Lo anterior está sacado de una entrevista a Emilio Lamo de Espinosa que publica hoy el ABC. Ya saben que no me gusta en absoluto recomendar lecturas, pero con esta entrevista quiero hacer una excepción: se la recomiendo vivamente. Si no consiguen encontrarla les puedo mandar el enlace.

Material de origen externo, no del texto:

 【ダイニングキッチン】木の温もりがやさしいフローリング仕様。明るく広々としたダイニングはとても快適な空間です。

El caso es que mis hermanos, que bien se lo tienen merecido, alquilan una casa en un bello rincón cualquiera de la provincia para sacarse de encima los rigores del agosto madrileño. Van a la playa, dan paseos, leen en el porche... esas cosas. Luego vendrán los hijos con los nietos y el disfrute será doble. Pero, ¡ay!, los perinquinosos peros. El paraíso está asediado por la ignorancia. Una vecindad deplorable. Los perros, la rotaflex, la lijadora, la radio a todo volumen... el manantial inagotable de maldad que fluye de la ignorancia de forma natural, es decir, sin que exista una intencionalidad consciente. Se fastidia al que se supone que es más que tú de la misma manera que se bebe agua cuando se tiene sed. Es la búsqueda incesante de consuelo del alma desgraciada.

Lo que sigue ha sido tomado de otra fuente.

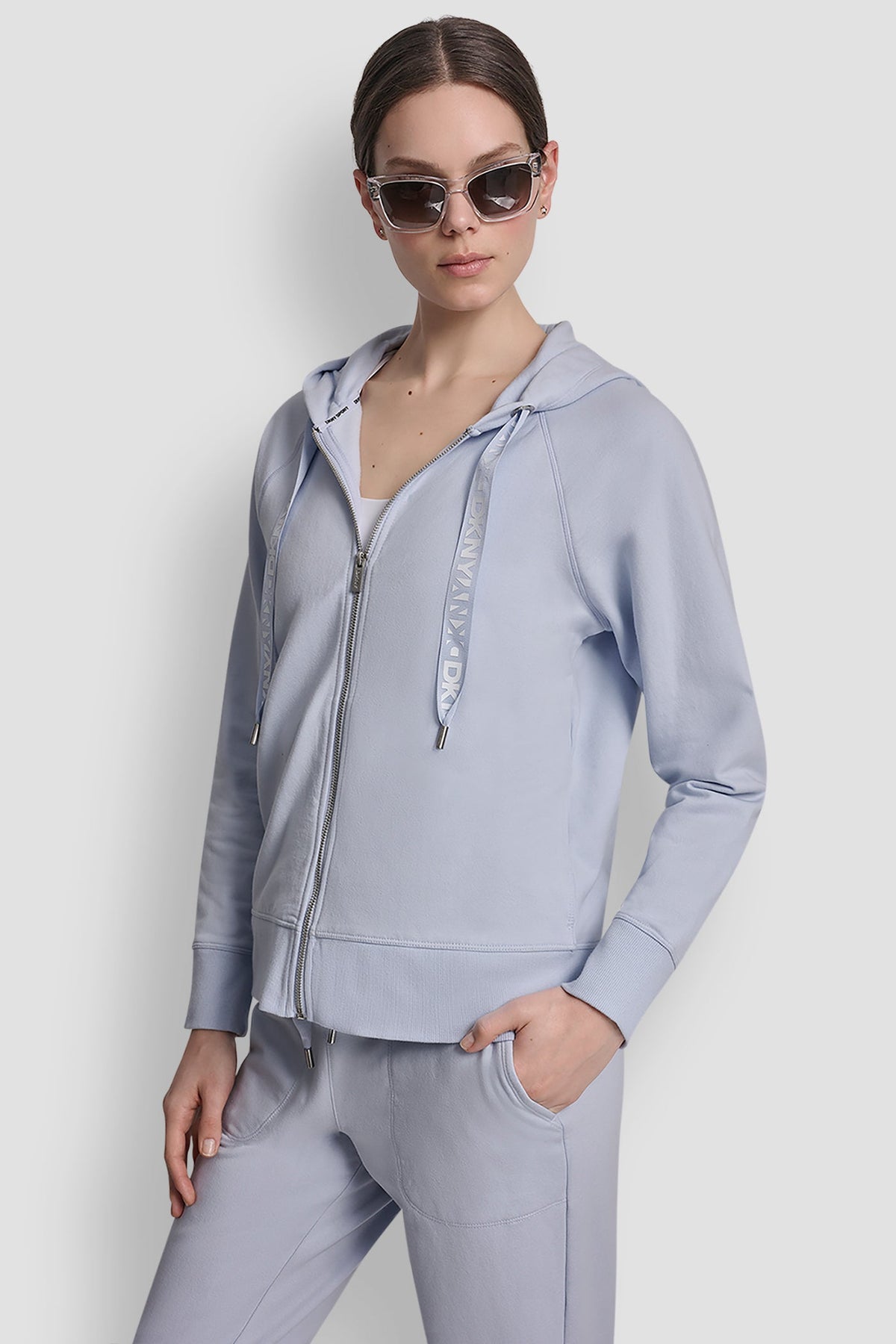 DKNY TWO-TONE LOGO DRAWSTRING HOODIE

Y es que, se lo puedo asegurar con casi absoluta seguridad, no hay nada como la ignorancia para generar susceptibilidades. El ignorante no puede evitar intuir que el que posee saberes los utiliza para aprovecharse de él. El señorito, en definitiva, se ríe, se aprovecha, nos desprecia... y eso no lo vamos a consentir. Y entonces, todo es verle en el porche con un libro entre las manos y sacar la rotaflex o poner el perro a ladrar. Es un acto reflejo como, por lo demás, lo son todas las maldades. Porque, sencillamente, para esa vecindad, mis hermanos con su vida civilizada, son un espejo en el que no les gusta verse reflejados y por eso quieren romperle. Quieren que se vayan, que no vuelvan. Que de venir alguien, que sea como ellos, con sus gustos y costumbres para poder contemplarse y verse en ellos con todo su primitivo esplendor y no parar de regodearse mientras crece su ignorancia y resentimiento.

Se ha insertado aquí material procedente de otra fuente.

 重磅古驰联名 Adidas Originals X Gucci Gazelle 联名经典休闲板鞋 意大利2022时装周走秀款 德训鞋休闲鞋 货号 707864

A mí, tengo que confesarlo, esos lugares idílicos me siguen produciendo una especie de nostalgia enfermiza de mis lejanos devaneos a la sombra de La Peña Pelada. Pero como al fin he conseguido, a base de escarmientos, todo hay que decirlo, que mi razón ponga en su sitio a los sentimientos, he desistido de todo punto de volver a las andadas. Ahora, lo único que me preocupa a la hora de asentar mis reales es el nivel de conocimientos de la gente que anda por los alrededores. Porque hay una cosa que aprendí de Shopenhauer y la tengo por dogma de fe: la diferencia entre un ilustrado y un iletrado es que con el primero, por mucho que discrepes con él en lo que sea, siempre puedes llegar a un compromiso hablando. Con el iletrado, o tragas, o te vas, o acabas a tortas. No hay otra.